- Extracted material
_____

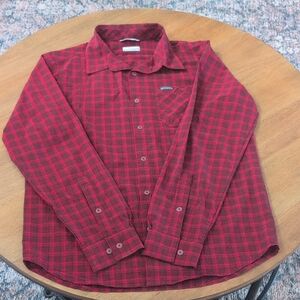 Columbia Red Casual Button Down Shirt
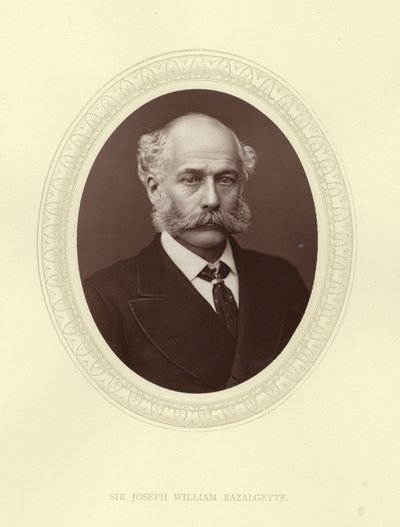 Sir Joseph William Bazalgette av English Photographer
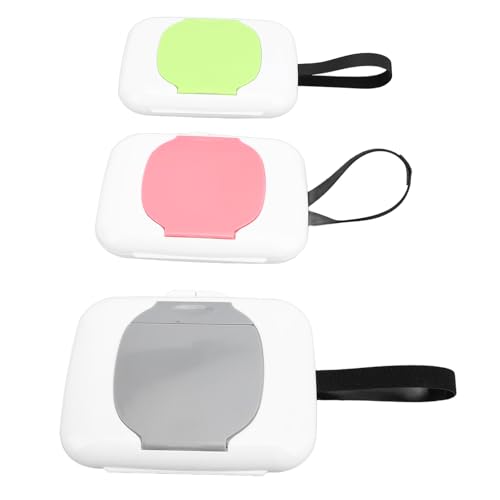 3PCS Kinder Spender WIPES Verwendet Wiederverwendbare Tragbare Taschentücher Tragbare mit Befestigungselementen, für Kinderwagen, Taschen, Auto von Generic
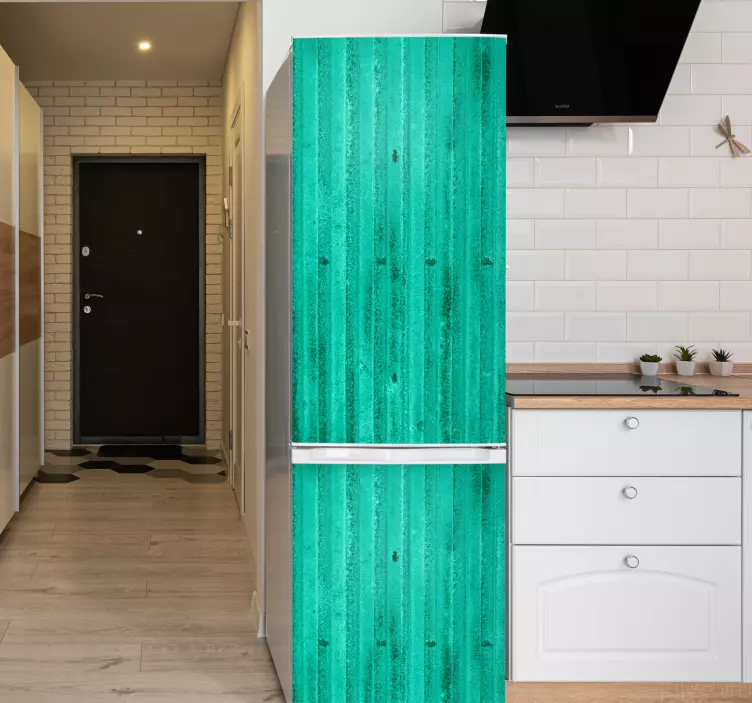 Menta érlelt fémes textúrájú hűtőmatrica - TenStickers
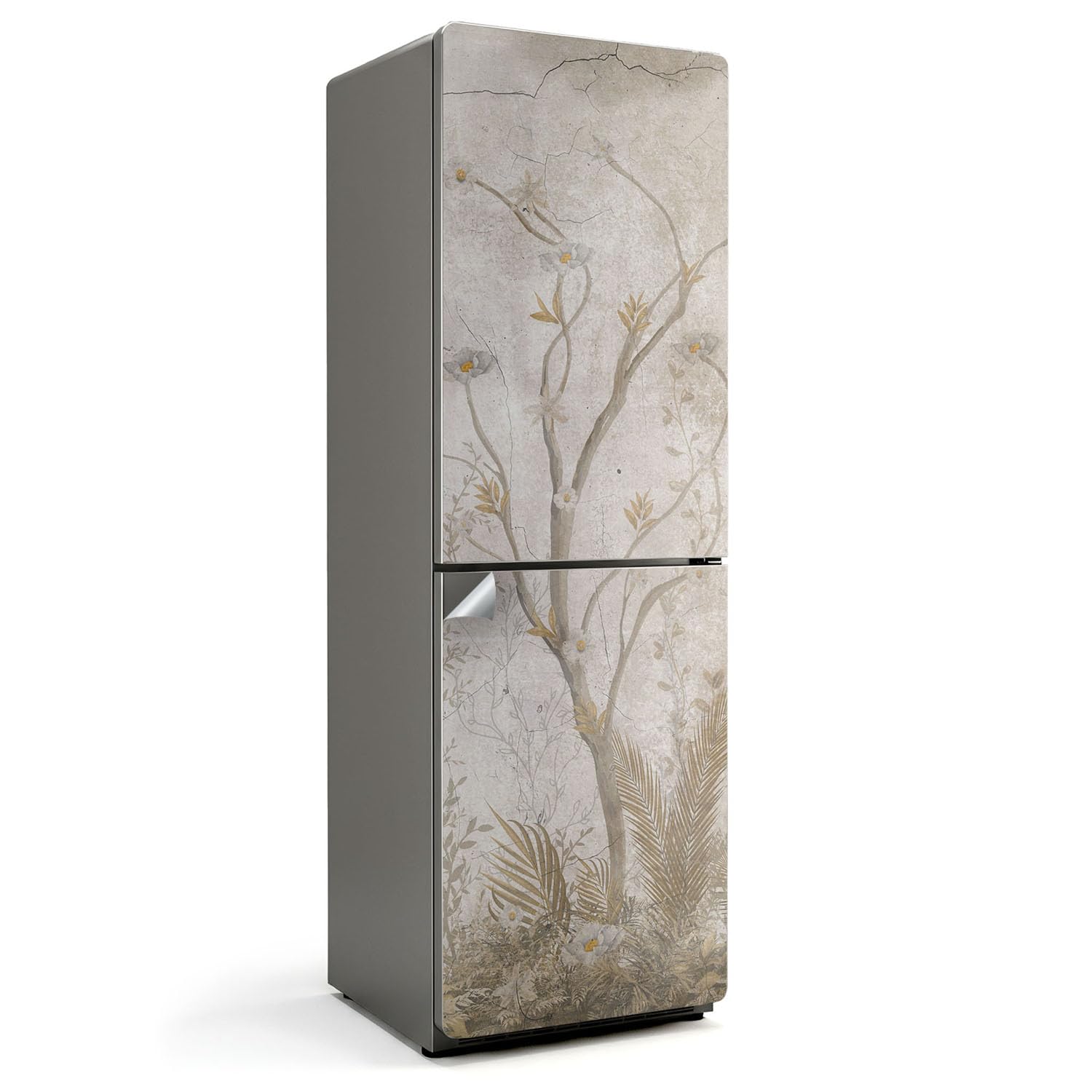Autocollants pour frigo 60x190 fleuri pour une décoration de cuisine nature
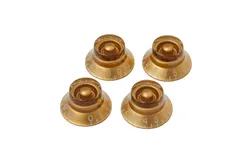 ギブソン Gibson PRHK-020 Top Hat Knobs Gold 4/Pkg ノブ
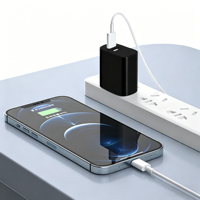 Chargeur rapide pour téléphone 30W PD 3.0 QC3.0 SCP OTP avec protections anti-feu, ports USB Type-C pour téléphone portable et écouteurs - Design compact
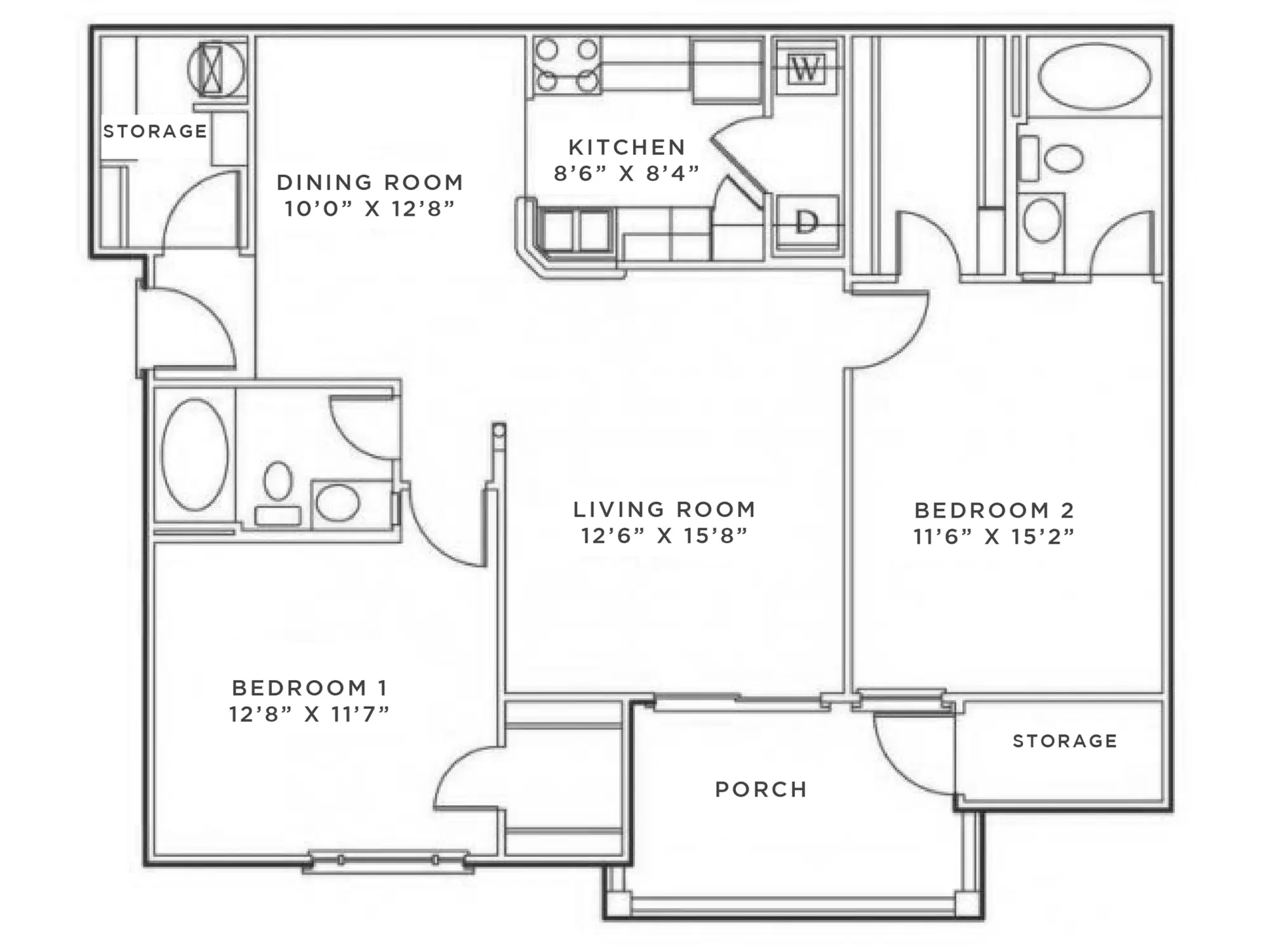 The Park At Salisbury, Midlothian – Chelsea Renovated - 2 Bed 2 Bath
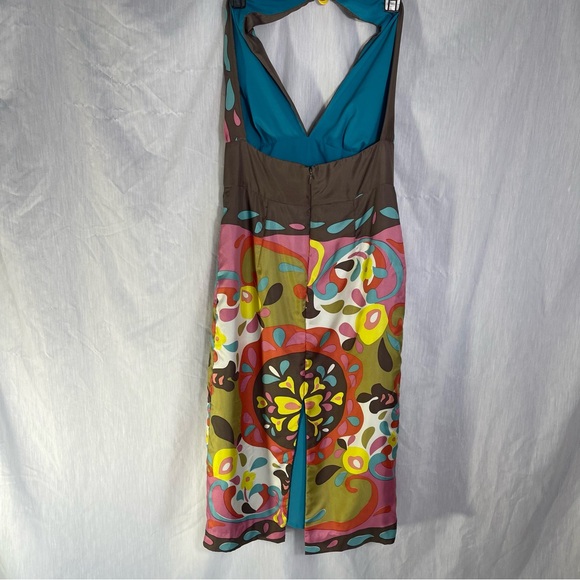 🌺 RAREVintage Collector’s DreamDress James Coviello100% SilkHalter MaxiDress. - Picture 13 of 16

_____

- Work task
Without the pictures, give the entries above back exactly.

- Answer to the exercise
 Columbia Red Casual Button Down Shirt
 Sir Joseph William Bazalgette av English Photographer
 3PCS Kinder Spender WIPES Verwendet Wiederverwendbare Tragbare Taschentücher Tragbare mit Befestigungselementen, für Kinderwagen, Taschen, Auto von Generic
 Menta érlelt fémes textúrájú hűtőmatrica - TenStickers
Autocollants pour frigo 60x190 fleuri pour une décoration de cuisine nature
 ギブソン Gibson PRHK-020 Top Hat Knobs Gold 4/Pkg ノブ
 Chargeur rapide pour téléphone 30W PD 3.0 QC3.0 SCP OTP avec protections anti-feu, ports USB Type-C pour téléphone portable et écouteurs - Design compact
 The Park At Salisbury, Midlothian – Chelsea Renovated - 2 Bed 2 Bath
 🌺 RAREVintage Collector’s DreamDress James Coviello100% SilkHalter MaxiDress. - Picture 13 of 16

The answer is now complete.